Ausgabe von Staatsanleihen

Finanzminister Lan sagte am Wochenende, weitere Reformen würden „Schritt für Schritt“ angekündigt. In Regierungskreisen war zuletzt von der Ausgabe von Sonder-Staatsanleihen im Volumen von rund 2 Bill. Yuan (rund 259 Mrd. Euro) zur Finanzierung von Investitionen die Rede. Eine Hälfte soll demnach dazu verwendet werden, um den Konsum anzuschieben – etwa durch Abwrackprämien für den Umtausch alter Elektrogeräte gegen moderne. Mit der anderen Hälfte soll den regionalen Verwaltungen bei der Bewältigung ihrer Schuldenprobleme geholfen werden.

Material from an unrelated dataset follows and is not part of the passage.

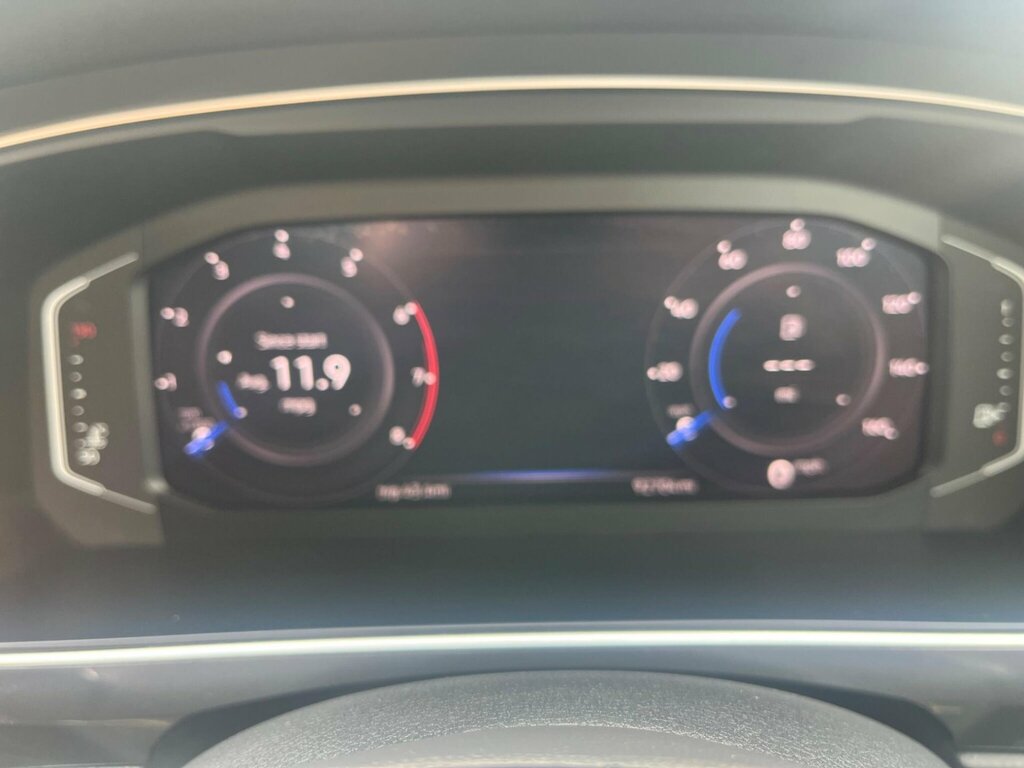 Volkswagen Tiguan R-line Tech Silver #18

Fiskalischer Impuls bleibt aus

Experten mahnten zwar, dass das Ausbleiben konkreter Zahlen bei den Konjunkturhilfen an den Märkten für Enttäuschung sorgen könnte. „Der große fiskalische Impuls, auf den die Anleger gehofft hatten, um die Aktienmarktrally in Gang zu halten, blieb aus“, sagte Investmentstratege Vasu Menon vom Finanzinstitut OCBC in Singapur. Aber die Pläne könnten der Wirtschaft helfen, auch wenn längerfristig mit einer Verlangsamung beim Wachstum zu rechnen sei, meinte Bruce Pang, Chefökonom für China beim Immobilienspezialisten Jones Lang LaSalle. „Wenn dieses Paket bald umgesetzt werden kann, kann das Wachstumsziel in diesem Jahr erreicht werden“, sagte er.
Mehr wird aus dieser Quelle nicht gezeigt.